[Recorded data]
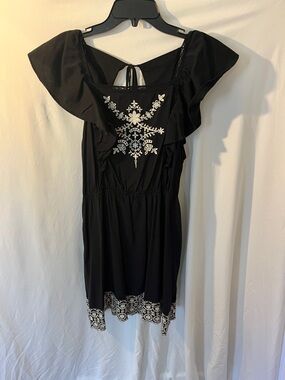 Old Navy Petite Large Black  Embroidered Ruffle Dress with White Floral Accents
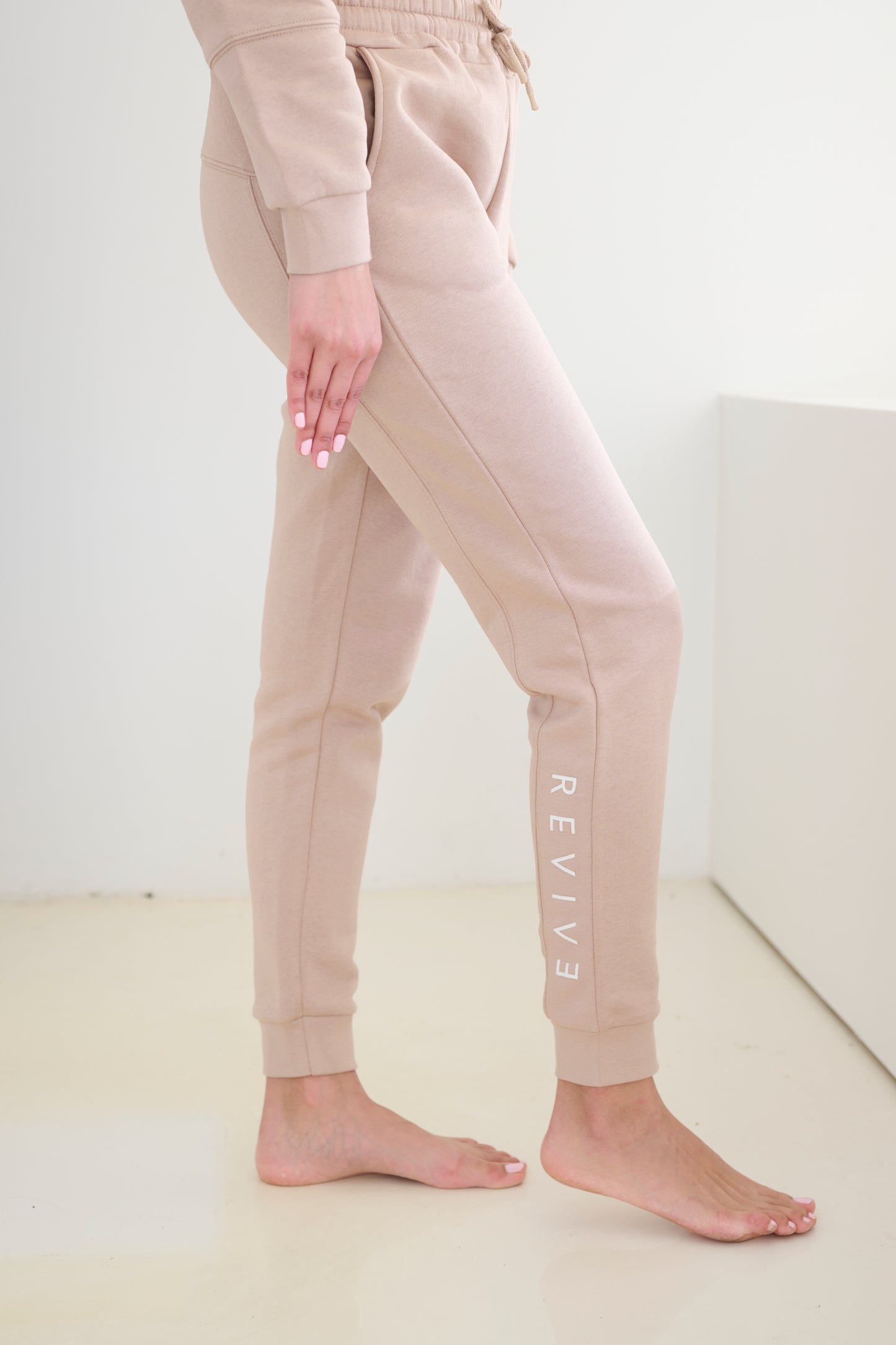 High-waisted Jogger Taupe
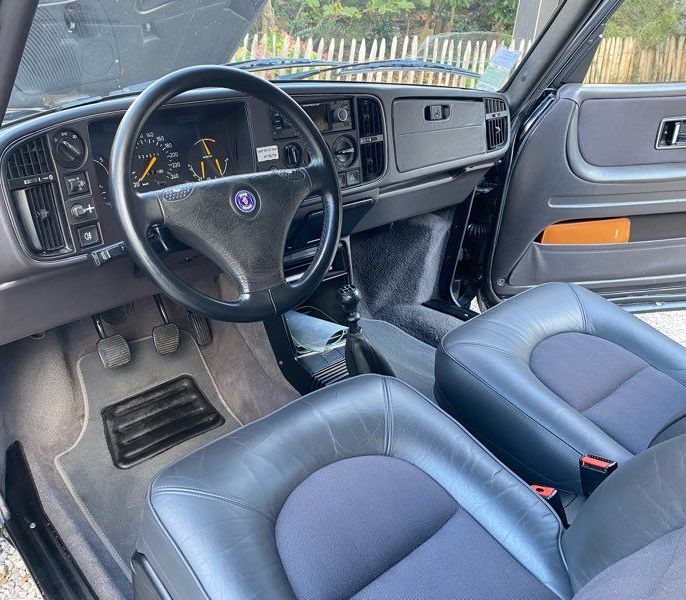 Rare SAAB 900 GT AERO 39/70 ex pour la France Boitier rouge 185 cv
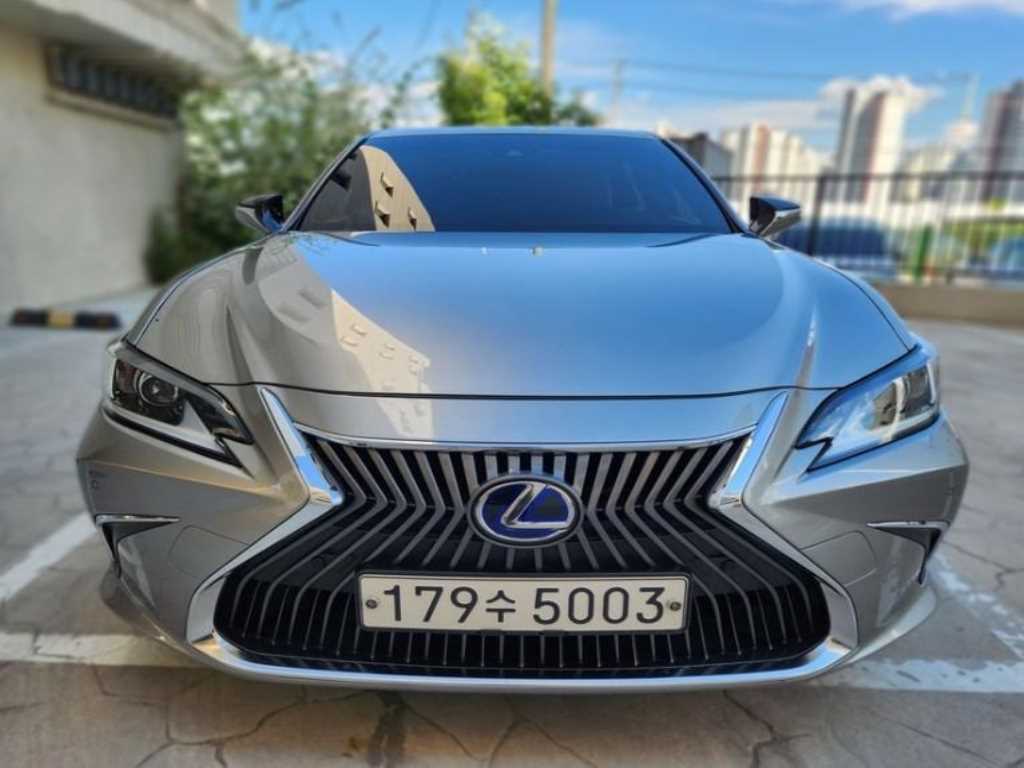 Lexus ES Supreme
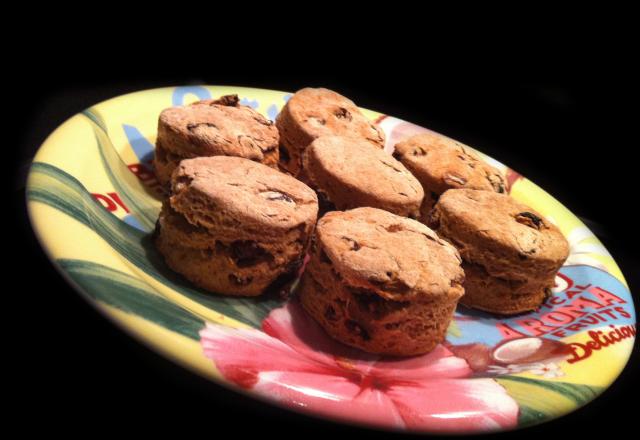 British Breakfast: Scones raisins / cranberries !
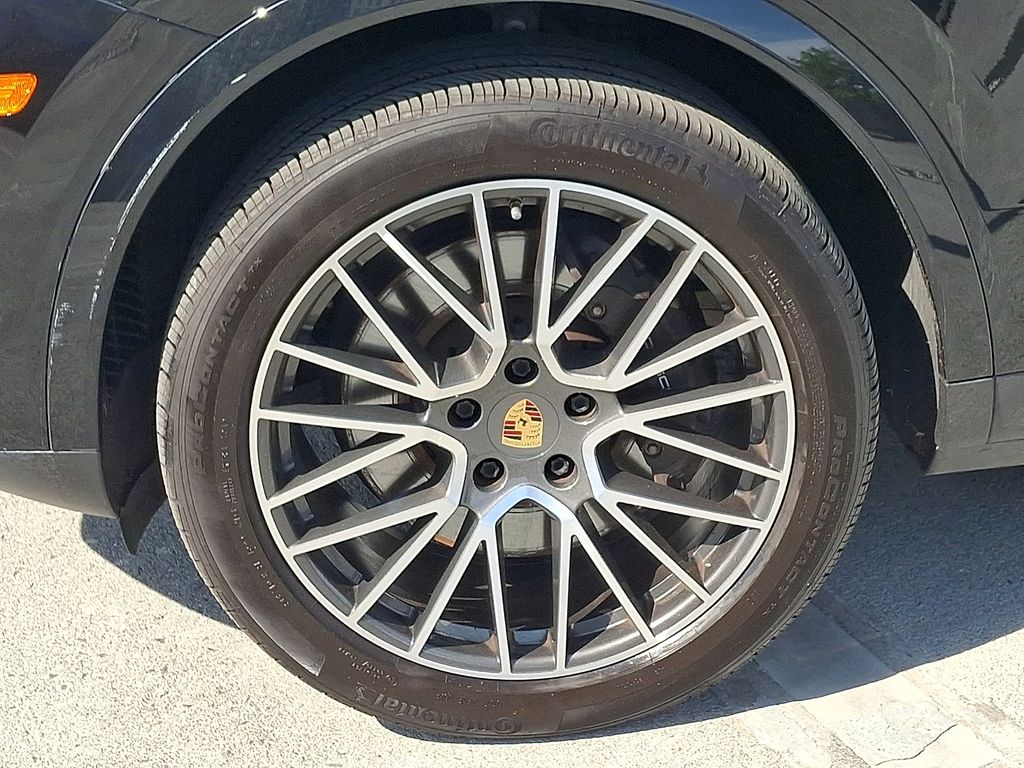 Thumbnail: 2023 Porsche Cayenne - 11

(DIRECTIONS FOR THIS TASK)
From the line that contains "Rare SAAB 900" through the last line of the entries, transcribe every line exactly, leaving out the pictures.

(WRITTEN RESPONSE)
 Rare SAAB 900 GT AERO 39/70 ex pour la France Boitier rouge 185 cv
 Lexus ES Supreme
 British Breakfast: Scones raisins / cranberries !
 Thumbnail: 2023 Porsche Cayenne - 11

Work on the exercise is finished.